Before the models section of the file, we have vars that will be globally scoped to all resources in the project.

load_date

To simulate day-feeds, we use a variable we have named load_date which is used in the RAW models to load for a specific date. This is described in more detail in the Profiling TPC-H section.

tpch_size

The default TPCH dataset size used by the demo project is 10, which means the volume of data is in the 10s of millions of rows.

This can be modified by changing the tpch_size variable. This can be one of 1, 10, 100, 1000, 10000.

More details on these sizes can be found here.

models

In the models section we are providing tags for each sub-folder of the models folder, and specifying appropriate materialisations for each type of vault structure.

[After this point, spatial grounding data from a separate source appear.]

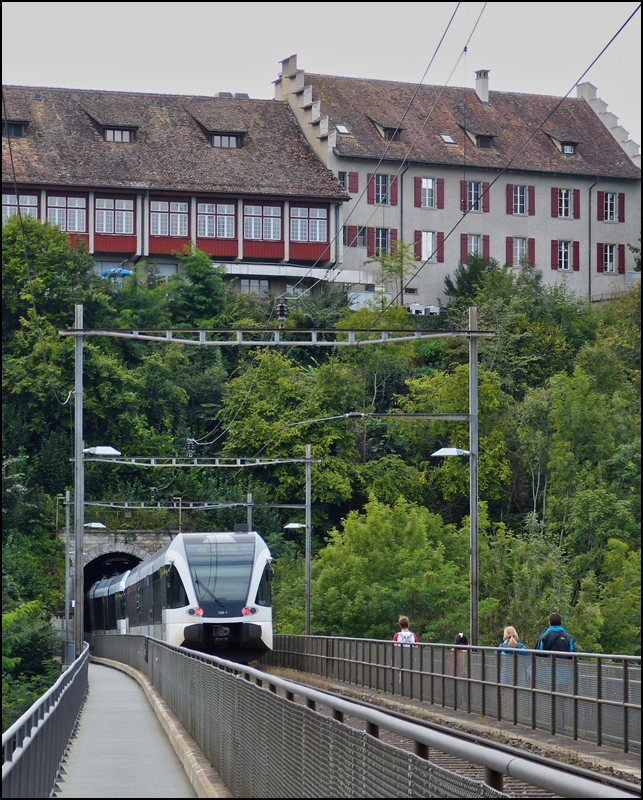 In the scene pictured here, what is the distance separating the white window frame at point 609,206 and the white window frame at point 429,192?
13133mm

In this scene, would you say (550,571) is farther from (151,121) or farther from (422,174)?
(151,121)

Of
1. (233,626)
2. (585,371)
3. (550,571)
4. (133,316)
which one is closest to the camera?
(233,626)

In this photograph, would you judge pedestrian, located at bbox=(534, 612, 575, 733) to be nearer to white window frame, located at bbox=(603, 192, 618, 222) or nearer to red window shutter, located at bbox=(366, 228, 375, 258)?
red window shutter, located at bbox=(366, 228, 375, 258)

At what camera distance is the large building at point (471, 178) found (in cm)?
10094

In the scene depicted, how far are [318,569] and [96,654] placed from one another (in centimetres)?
991

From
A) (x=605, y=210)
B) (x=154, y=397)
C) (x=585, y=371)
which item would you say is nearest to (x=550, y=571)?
(x=585, y=371)

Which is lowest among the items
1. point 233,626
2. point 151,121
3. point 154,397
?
point 233,626

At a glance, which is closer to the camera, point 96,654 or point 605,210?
point 96,654

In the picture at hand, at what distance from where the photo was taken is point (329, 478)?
8456 centimetres

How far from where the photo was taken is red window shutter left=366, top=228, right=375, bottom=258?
328ft

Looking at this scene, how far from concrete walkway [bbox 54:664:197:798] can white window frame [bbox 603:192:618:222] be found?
84.2m

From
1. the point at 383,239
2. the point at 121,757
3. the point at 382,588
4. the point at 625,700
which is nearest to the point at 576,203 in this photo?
the point at 383,239

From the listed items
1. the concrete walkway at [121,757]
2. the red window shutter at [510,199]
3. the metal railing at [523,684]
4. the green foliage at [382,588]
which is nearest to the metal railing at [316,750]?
the concrete walkway at [121,757]

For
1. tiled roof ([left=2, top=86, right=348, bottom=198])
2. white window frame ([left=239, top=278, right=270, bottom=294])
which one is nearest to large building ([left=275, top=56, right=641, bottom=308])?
tiled roof ([left=2, top=86, right=348, bottom=198]) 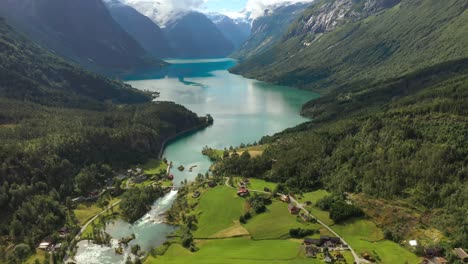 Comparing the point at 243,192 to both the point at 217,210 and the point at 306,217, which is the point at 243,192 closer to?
the point at 217,210

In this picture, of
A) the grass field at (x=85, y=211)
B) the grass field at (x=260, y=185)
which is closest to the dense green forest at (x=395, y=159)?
the grass field at (x=260, y=185)

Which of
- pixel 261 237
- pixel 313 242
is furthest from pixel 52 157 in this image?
pixel 313 242

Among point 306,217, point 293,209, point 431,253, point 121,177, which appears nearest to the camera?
point 431,253

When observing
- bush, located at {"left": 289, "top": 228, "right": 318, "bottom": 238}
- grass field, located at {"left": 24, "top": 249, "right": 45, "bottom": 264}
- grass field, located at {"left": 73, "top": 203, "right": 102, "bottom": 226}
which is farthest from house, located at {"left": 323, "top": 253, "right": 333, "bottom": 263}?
grass field, located at {"left": 73, "top": 203, "right": 102, "bottom": 226}

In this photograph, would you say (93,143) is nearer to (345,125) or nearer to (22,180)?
(22,180)

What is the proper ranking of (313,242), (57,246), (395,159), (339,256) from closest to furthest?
(339,256)
(313,242)
(57,246)
(395,159)

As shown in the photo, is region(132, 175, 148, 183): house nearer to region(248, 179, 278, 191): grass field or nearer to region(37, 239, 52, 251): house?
region(248, 179, 278, 191): grass field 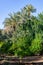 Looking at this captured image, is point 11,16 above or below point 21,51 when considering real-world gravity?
above

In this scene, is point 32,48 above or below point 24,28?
below

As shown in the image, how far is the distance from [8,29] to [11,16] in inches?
176

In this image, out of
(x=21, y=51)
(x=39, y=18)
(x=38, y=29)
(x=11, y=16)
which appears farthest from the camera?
(x=11, y=16)

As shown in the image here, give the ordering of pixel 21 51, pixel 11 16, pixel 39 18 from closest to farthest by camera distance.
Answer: pixel 21 51 < pixel 39 18 < pixel 11 16

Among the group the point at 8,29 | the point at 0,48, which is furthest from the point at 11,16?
the point at 0,48

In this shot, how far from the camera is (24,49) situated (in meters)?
42.2

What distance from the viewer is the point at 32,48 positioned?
41688mm

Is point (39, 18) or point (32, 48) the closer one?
point (32, 48)

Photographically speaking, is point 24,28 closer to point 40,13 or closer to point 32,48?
point 40,13

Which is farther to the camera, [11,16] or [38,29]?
[11,16]

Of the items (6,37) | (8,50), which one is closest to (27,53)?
(8,50)

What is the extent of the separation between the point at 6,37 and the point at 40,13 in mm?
28461

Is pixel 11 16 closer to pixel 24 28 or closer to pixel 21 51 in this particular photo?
pixel 24 28

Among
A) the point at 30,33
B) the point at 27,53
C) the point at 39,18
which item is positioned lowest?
the point at 27,53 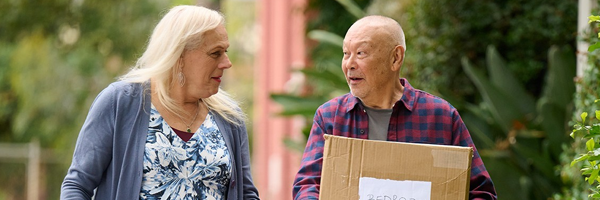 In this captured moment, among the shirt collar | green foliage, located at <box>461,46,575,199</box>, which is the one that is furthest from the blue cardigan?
green foliage, located at <box>461,46,575,199</box>

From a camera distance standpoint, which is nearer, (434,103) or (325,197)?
(325,197)

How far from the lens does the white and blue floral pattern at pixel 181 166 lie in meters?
3.55

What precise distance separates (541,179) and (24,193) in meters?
13.3

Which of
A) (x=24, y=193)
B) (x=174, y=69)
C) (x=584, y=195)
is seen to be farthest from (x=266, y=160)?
(x=174, y=69)

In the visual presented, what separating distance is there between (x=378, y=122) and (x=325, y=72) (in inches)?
181

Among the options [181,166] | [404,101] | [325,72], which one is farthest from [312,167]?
[325,72]

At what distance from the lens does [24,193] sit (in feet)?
59.7

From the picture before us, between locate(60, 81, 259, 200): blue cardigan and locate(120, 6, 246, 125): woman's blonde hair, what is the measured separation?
0.26 feet

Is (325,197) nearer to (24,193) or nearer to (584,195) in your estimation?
(584,195)

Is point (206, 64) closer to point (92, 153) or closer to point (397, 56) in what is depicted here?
point (92, 153)

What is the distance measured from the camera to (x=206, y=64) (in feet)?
11.9

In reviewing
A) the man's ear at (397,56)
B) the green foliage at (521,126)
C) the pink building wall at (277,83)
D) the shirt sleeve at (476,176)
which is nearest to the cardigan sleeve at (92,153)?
the man's ear at (397,56)

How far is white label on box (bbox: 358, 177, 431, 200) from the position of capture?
3182 mm

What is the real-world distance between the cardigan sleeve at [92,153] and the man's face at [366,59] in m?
0.91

We have also specified that they are all enabled, as well as their materialization. Many of these attributes can also be provided in the files themselves.

Metadata

Metadata for each structure is provided in each file, for example:

1
2
3
4
5
6
7
8
{%- set source_model = "v_stg_orders" -%}
{%- set src_pk = "CUSTOMER_HK" -%}
{%- set src_nk = "CUSTOMERKEY" -%}
{%- set src_ldts = "LOAD_DATE" -%}
{%- set src_source = "RECORD_SOURCE" -%}

{{ automate_dv.hub(src_pk=src_pk, src_nk=src_nk, src_ldts=src_ldts,
                   src_source=src_source, source_model=source_model) }}

Take a look at our metadata reference for a full reference and recommendations for providing metadata.